On Thu, 2011-07-21 at 11:21 +0200, Florian Philipp wrote:
> Am 21.07.2011 10:57, schrieb Pandu Poluan:
> > -original message-
> > Subject: Re: [gentoo-user] New computer and Gentoo
> > From: Bill Kenworthy <bi...@iinet.net.au>
> > Date: 2011-07-21 12:54
> > 
> >> On Thu, 2011-07-21 at 06:26 +0100, Mick wrote:
> [...]
> >> Ive just stumbled on something weird with march=native:
> >>

> 
> I'd like to see a reference for this claim. -march=native doesn't do
> more than set -march=core2 and some other optimizations for cache size
> etc. This should be no more troublesome than mixing code compiled with

unfortunately this is now my main machine so I cant fiddle too much with
it!  It would mean going back to the E4600 and comparing march=prescott,
march=native then fitting the E6600 and checking march=native and
march=core2.  What I cant find is a reference to how it works out what
native is? - lookup-table, checking the flags in /proc/cpuinfo or what?
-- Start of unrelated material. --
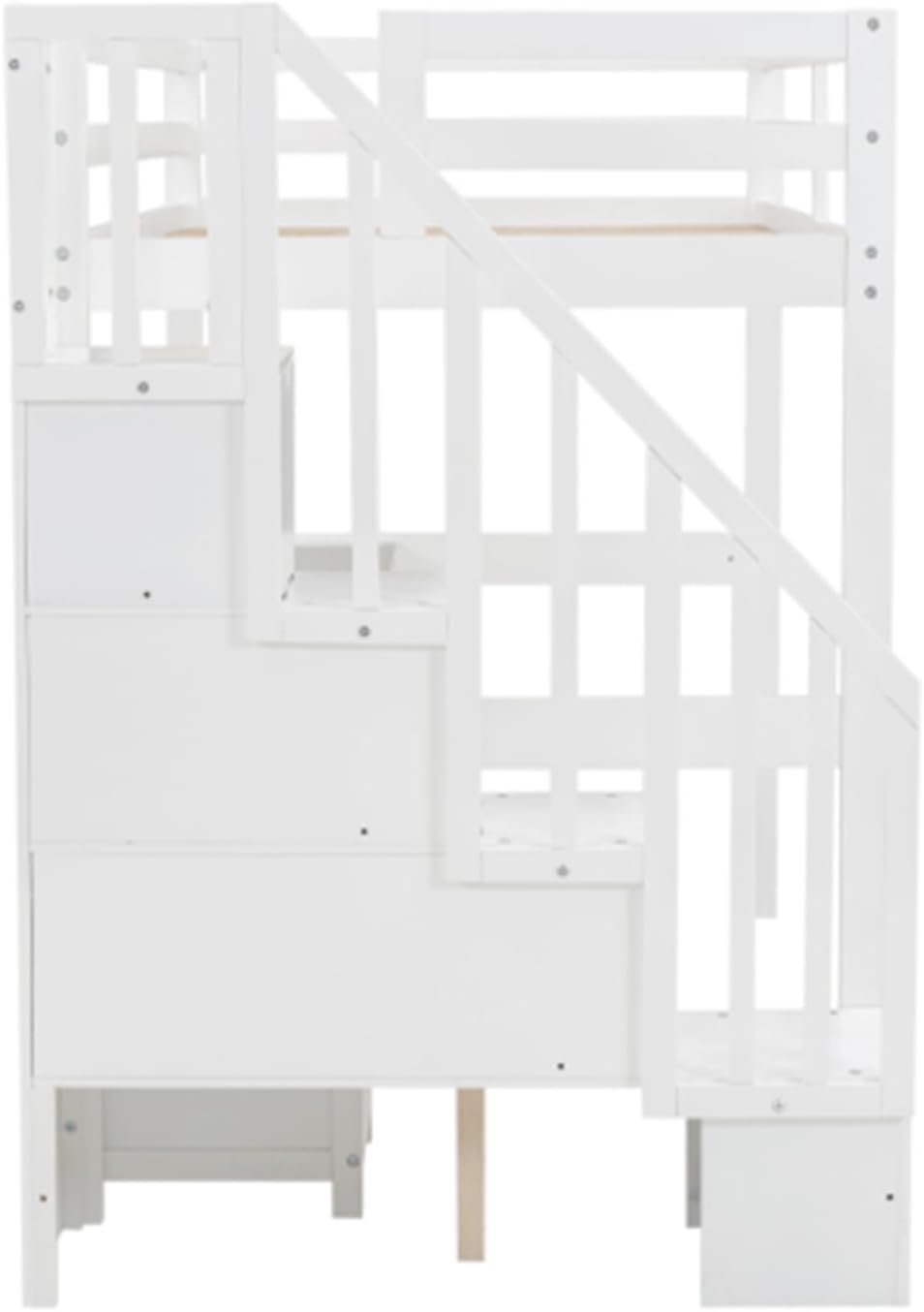 White double loft bunk bed frame with built-in desk and storage drawers A9652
Ive now rolled back (that is recompiled) the majority of packages so now
I can keep working while it does an emerge -e world.

I would have thought the two intel processors would be close enough that
it would be just a performance hit and not segfaults, but the machine is
now working reliably so thats proof enough for me.  What I am having
difficulty with is that packages compiled with native should have been a
closer match to the cpu so why was it those packages (asterisk, glibc
and some random others cause problems.